The Egyptian temple stood at the nexus between Sky, Earth, and Underworld; it was the interface between them. The material and spiritual worlds converged in the Egyptian temple and the unseen realms became tangible in ritual. Quite literally, the power of creation was tapped in the temples, chaos was bound, and cosmic order was renewed. Beings were transformed and could move between the worlds. The temple was the boundary line between human and divine, chaos and order.

Three great themes were played out in the temples: Original Cosmic Structure, Ongoing Cosmic Function, and Cosmis Regeneration. Within the sacred temples the world was continually being created, functioning, and being renewed, so that life outside the temples could share in the same sustaining and renewing magic.

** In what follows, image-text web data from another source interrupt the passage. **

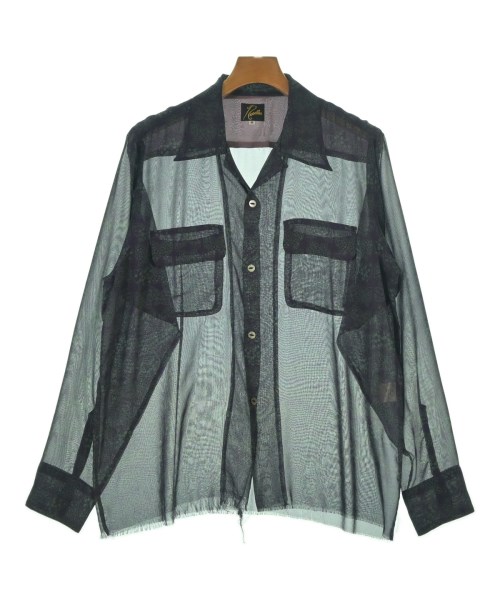 ニードルス(Needles)のNeedles カジュアルシャツ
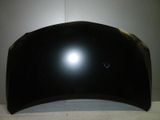 Капот API TY28101501000 TOYOTA COROLLA 2006-2013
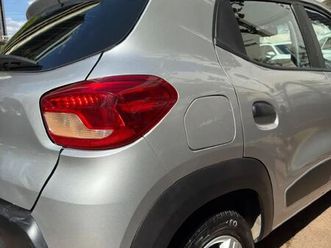 zen 1.0 flex 12v 5p mec.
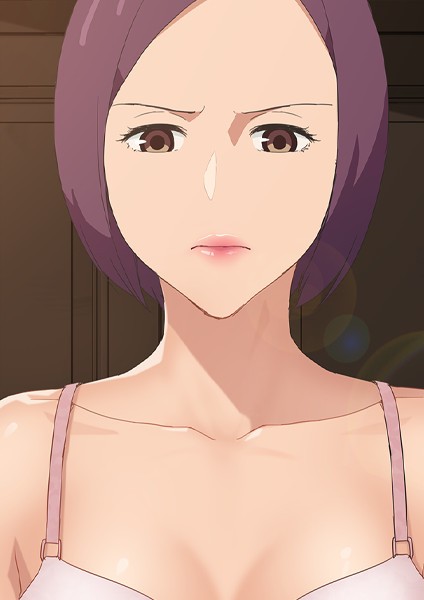 s647ailyj00050【無料エロマンガ】僕に教えて | アンドロメダ11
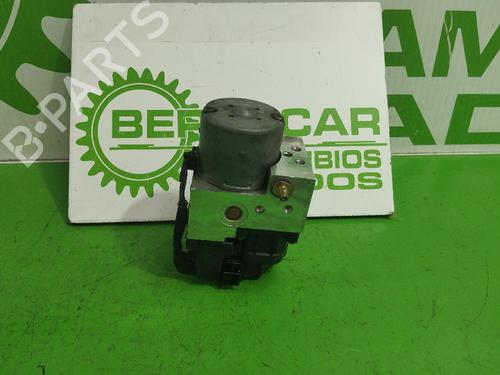 Used ABS pump ABS pump VOLVO S40 I (644) 1.6 (109 hp) 31545840 31545840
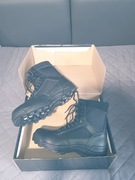 Buty taktyczne Brandit rozmiar 43. Nowe.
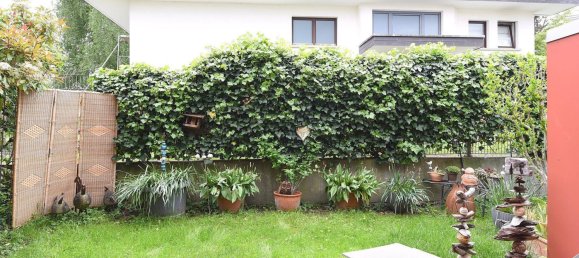 3-salle Duplex à Lustenau, Austria No. 180792 5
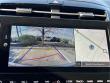 2024 Hyundai Tucson SEL SUV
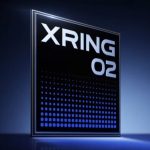تراشه جدید شیائومی Xring O2 احتمالا در سال ۲۰۲۶ معرفی می‌شود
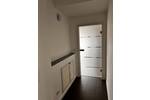 Etagenwohnung Leverkusen Hitdorf - 3 Zimmer, 98 m&sup2;, 339.995&euro; | Angebot:26914855
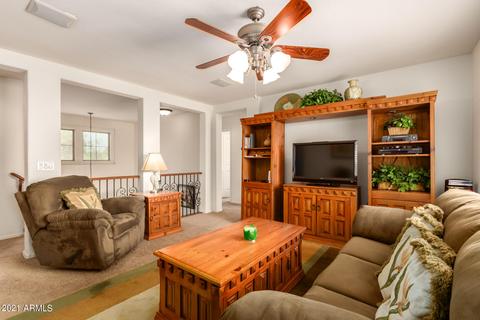 1931 S Sinova Ave, Gilbert, AZ 85295 photo 37
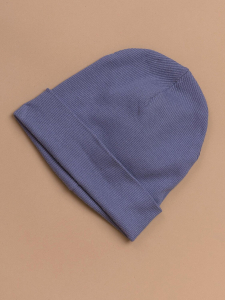 BATIK Шапка 072_ОН24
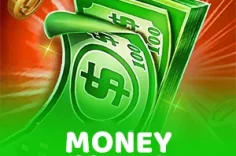 Experience the Play Money Coming slot game at Pin Up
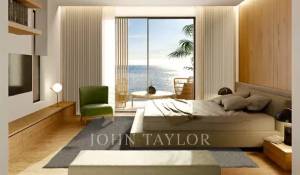 Venta Aparthotel Agios Tychonas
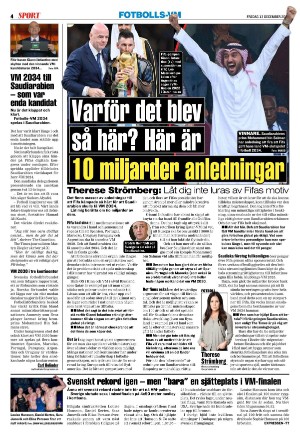 expressen_bilag-20241213_000_00_00_004.pdf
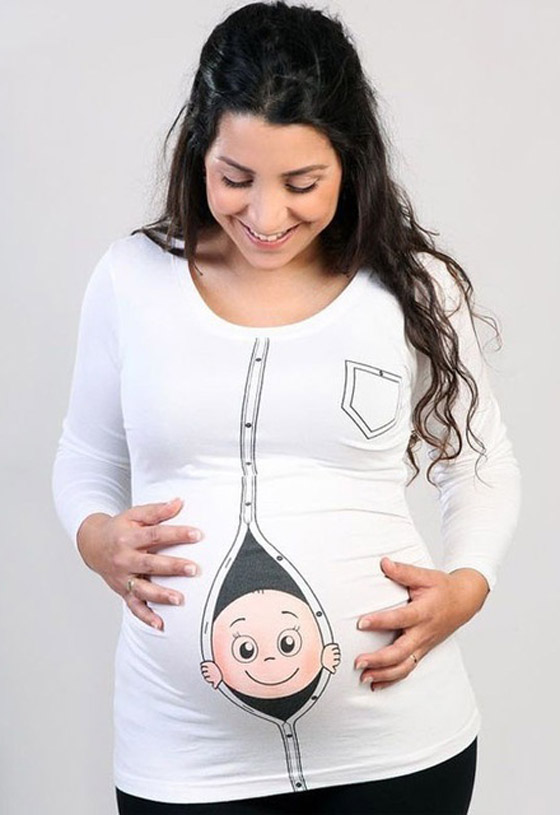 للحوامل.. احذرن من نقص هذا الفيتامين! صورة رقم 3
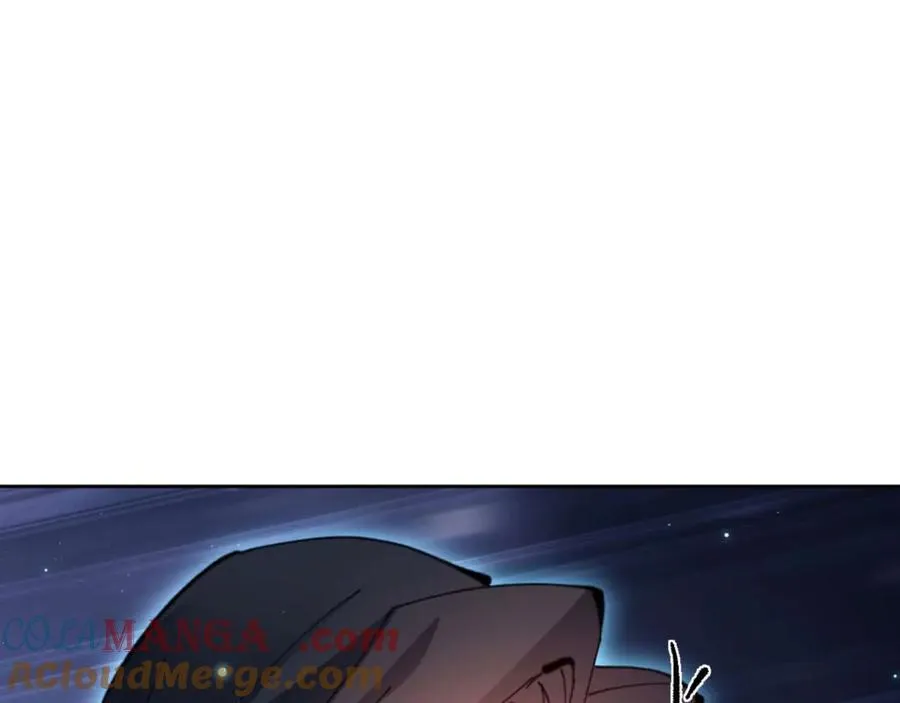 第97话 我喜欢被他教训160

Yet the temple could not function alone; the temple itself had to be continually renewed through the ongoing human actions of ritual and symbol.

In addition to being an image of the Cosmos, the temple could also be an image of the body of the Deity to Whom the temple was dedicated. Enter into the temple, and you enter into Goddess or God. How’s that for a holy experience?

Temple and Creation

Since Egyptian creation myths are so key to the symbolism of the temples, I want to offer you a very generic form of the myth. This basic myth was elaborated upon and varied from place to place. The Creator Deity in the story was always the Deity of whichever temple you’re in.

At Creation, That Which Is came into being from the dark, inert, unbounded waters of the Nun, the Non-Existant, and it took many forms. At first, What Came Forth was in the form of a single Deity (different myths, different Deities), and then it multiplied; into Everything; into Cosmos. The newly created Cosmos existed in perfect harmony with the intent of the Creator. All was Mayat (Maat).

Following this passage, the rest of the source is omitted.